• _What you are asked to do_
Only the line with "Elora Violet Soft" and the lines after it, through the end of the material, belong in the answer; repeat them exactly.

• _Given data_
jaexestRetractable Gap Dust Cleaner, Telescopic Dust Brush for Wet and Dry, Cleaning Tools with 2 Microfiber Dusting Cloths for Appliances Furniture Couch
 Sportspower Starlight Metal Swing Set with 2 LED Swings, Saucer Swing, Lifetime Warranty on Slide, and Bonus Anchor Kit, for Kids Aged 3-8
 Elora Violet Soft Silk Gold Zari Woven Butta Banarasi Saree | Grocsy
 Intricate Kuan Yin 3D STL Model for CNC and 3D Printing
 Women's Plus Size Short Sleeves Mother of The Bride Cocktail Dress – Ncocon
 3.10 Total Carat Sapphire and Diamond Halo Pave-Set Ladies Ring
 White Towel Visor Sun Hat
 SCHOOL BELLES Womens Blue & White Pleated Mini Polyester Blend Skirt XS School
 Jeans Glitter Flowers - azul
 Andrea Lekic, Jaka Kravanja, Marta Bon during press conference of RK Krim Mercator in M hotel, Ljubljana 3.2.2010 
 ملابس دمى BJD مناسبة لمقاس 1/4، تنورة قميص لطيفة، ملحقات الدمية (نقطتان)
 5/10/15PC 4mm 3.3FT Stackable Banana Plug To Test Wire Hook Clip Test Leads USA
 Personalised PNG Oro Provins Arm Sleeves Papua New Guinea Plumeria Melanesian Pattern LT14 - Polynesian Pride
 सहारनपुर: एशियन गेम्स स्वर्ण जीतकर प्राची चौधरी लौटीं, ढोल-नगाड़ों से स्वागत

• _Reply to the exercise_
 Elora Violet Soft Silk Gold Zari Woven Butta Banarasi Saree | Grocsy
 Intricate Kuan Yin 3D STL Model for CNC and 3D Printing
 Women's Plus Size Short Sleeves Mother of The Bride Cocktail Dress – Ncocon
 3.10 Total Carat Sapphire and Diamond Halo Pave-Set Ladies Ring
 White Towel Visor Sun Hat
 SCHOOL BELLES Womens Blue & White Pleated Mini Polyester Blend Skirt XS School
 Jeans Glitter Flowers - azul
 Andrea Lekic, Jaka Kravanja, Marta Bon during press conference of RK Krim Mercator in M hotel, Ljubljana 3.2.2010 
 ملابس دمى BJD مناسبة لمقاس 1/4، تنورة قميص لطيفة، ملحقات الدمية (نقطتان)
 5/10/15PC 4mm 3.3FT Stackable Banana Plug To Test Wire Hook Clip Test Leads USA
 Personalised PNG Oro Provins Arm Sleeves Papua New Guinea Plumeria Melanesian Pattern LT14 - Polynesian Pride
 सहारनपुर: एशियन गेम्स स्वर्ण जीतकर प्राची चौधरी लौटीं, ढोल-नगाड़ों से स्वागत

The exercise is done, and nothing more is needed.